Each year the local classical music series schedules an opera. In past years they have put on Madame Butterfly and other romantic operas. For various reasons, I have not made it to any of these performances which they have been giving for, I guess, four or five years. The cast is made up of singers from the Mexico City opera, sets are minimal and, instead of an orchestra, there is a lone piano. So I wasn't exactly in a hurry to hie myself hither. But this year they are doing Don Giovanni by Mozart, so I thought I would go.
Don Giovanni is one of the few operas I sort of know. I played mandolin in a production of it years ago, shoehorned into the orchestra pit, so I didn't have a good view of the stage. Heh!
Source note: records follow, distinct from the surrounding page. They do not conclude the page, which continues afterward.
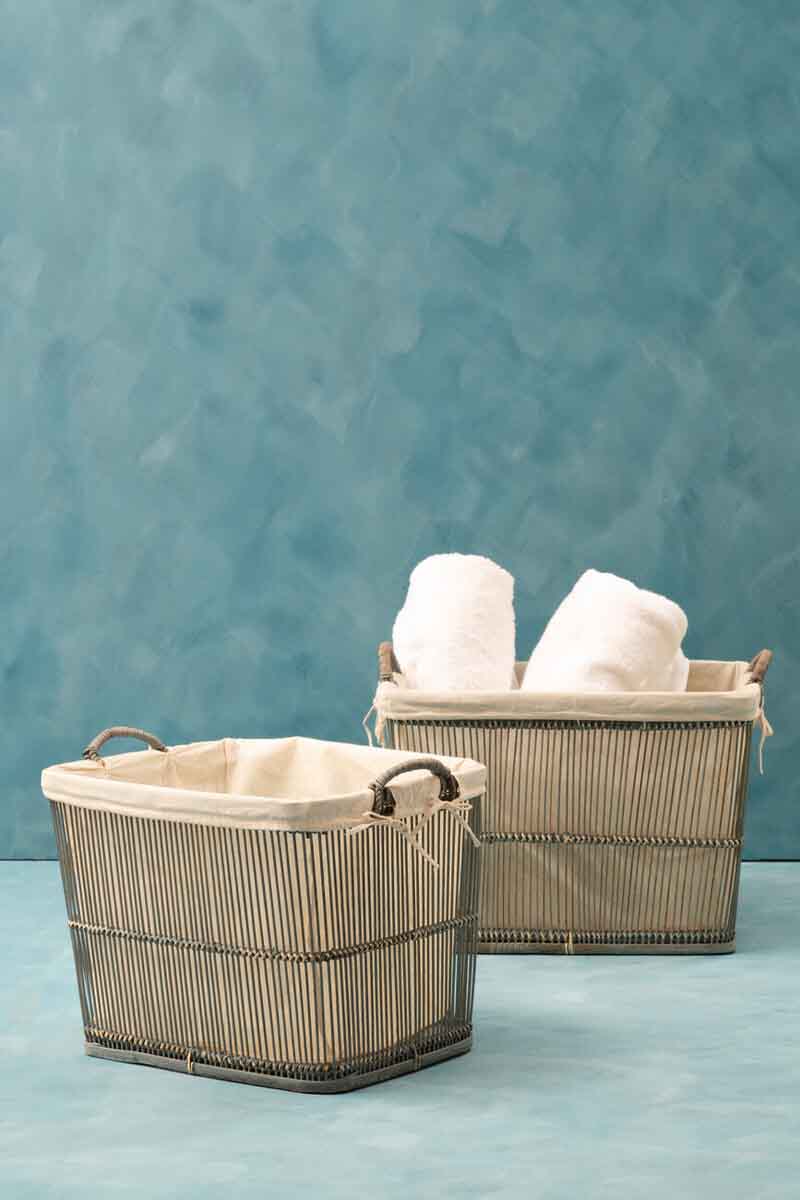 Rustic Rattan/Bamboo Grey Washed Set Of 2 Storage Baskets
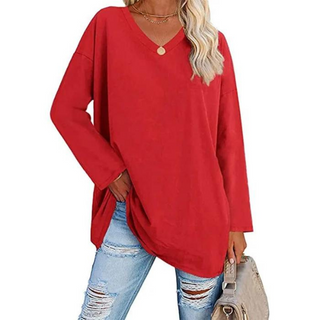 Oversized V-hals Bluse | Bomuld | Casual Komfort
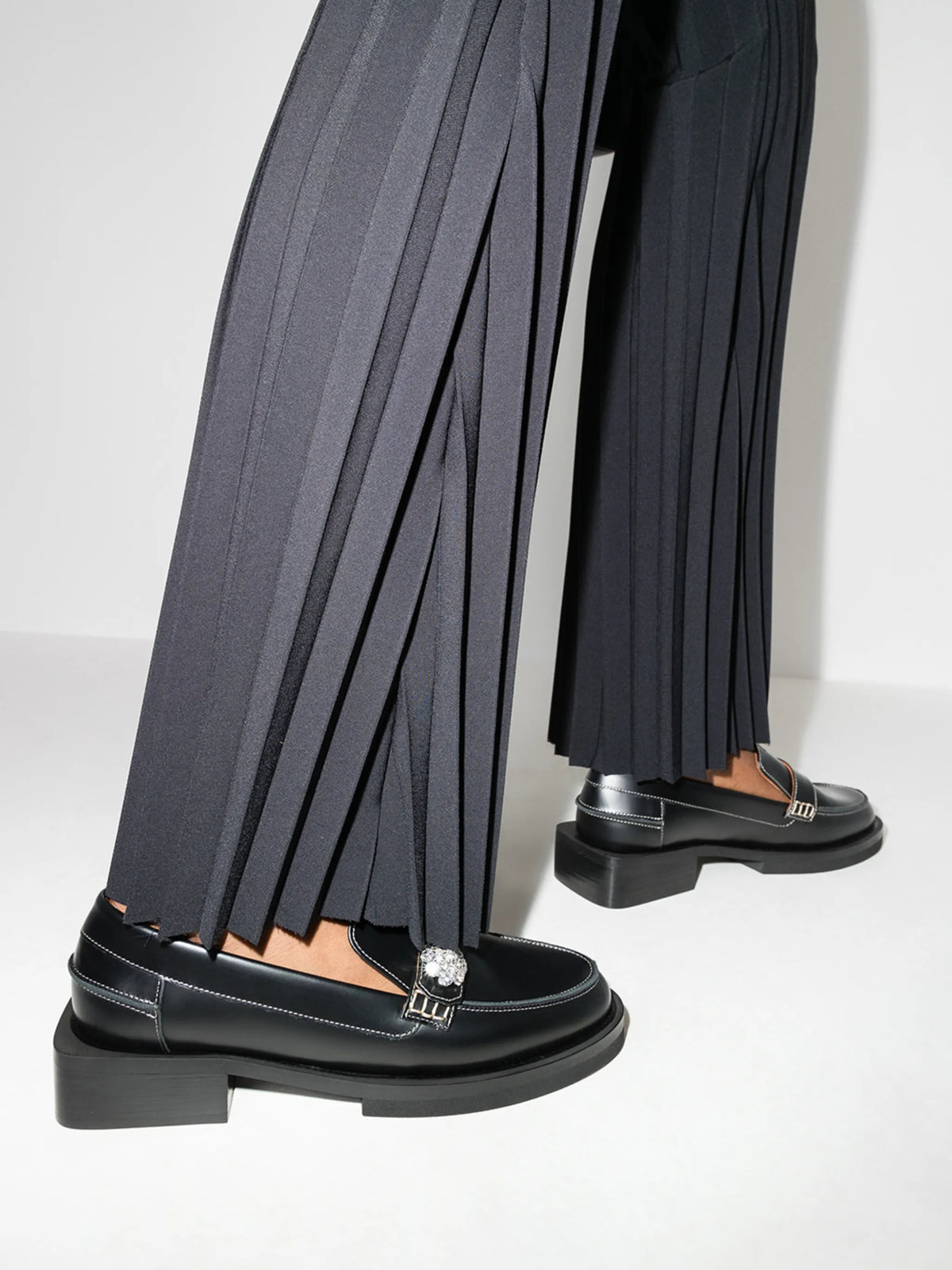 crystal-embellished leather loafers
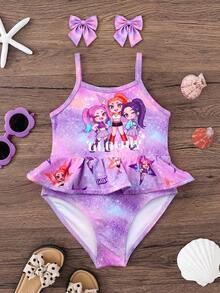 SHEIN Áo tankini Bé gái - Nhiều màu - Xem 1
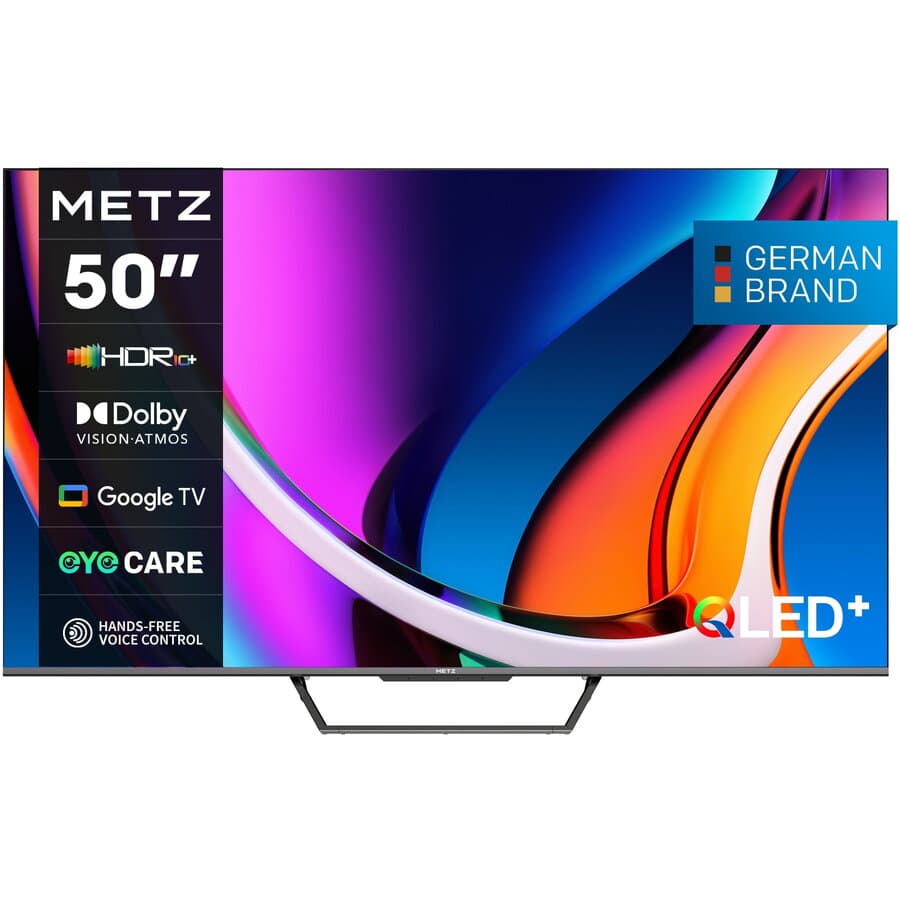 Televizor METZ QLED 50MQD7500, 126 cm, Smart Google TV, 4K Ultra HD, Clasa F, Negru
It was also taken up in a couple of music history courses at university and I have listened to a CD of it along with all the other Mozart operas in my big box Mozart Complete Edition.
I decided to opt for a side balcony ticket instead of a more expensive box or orchestra seat (down in front). Alas, my seat gave me a view of about 10% of the stage and it seemed to be the 10% where very little happened. The production started about fifteen minutes late and the first disconcerting thing was: no overture. We immediately launched into "Notte e giorno faticar." OK. The singing was all right, though not really to my taste. But as time went on the somewhat shaky piano part, the so-so singing and the inability to actually see any of the stage action became more and more tiresome. Also, the handling of the accompaniment of the recitatives showed little sense of 18th century style.
When the intermission belatedly arrived, I just left. I have left lots of concerts in the middle, but never an opera before. I guess I am a bit spoiled by seeing some productions in European opera houses. Sure, there are extreme and understandable limitations on what the local group can do. They have no access to a proper theater. The one they use seats 400 to 500 at the most and the sight-lines are bad for a lot of the seats. There is extremely minimal lighting and the set is nothing more than a painted backdrop. Also, there is no orchestra pit, which means nowhere to put an orchestra even if they could afford one. If the singing was less bombastic and they managed to tuck a string quartet away in a corner somewhere it might have worked. But as it was, it gave the impression of a not very accomplished high school caricature of a Mozart opera. Am I just being a curmudgeon? Well, yes, probably.
If I were to give some advice, it would be to suggest they try and put on something less ambitious, something that they have the resources to handle. But I'm sure that advice will be ignored. What they want to do is familiar works that everyone will want to attend. Well, everyone except me, I guess!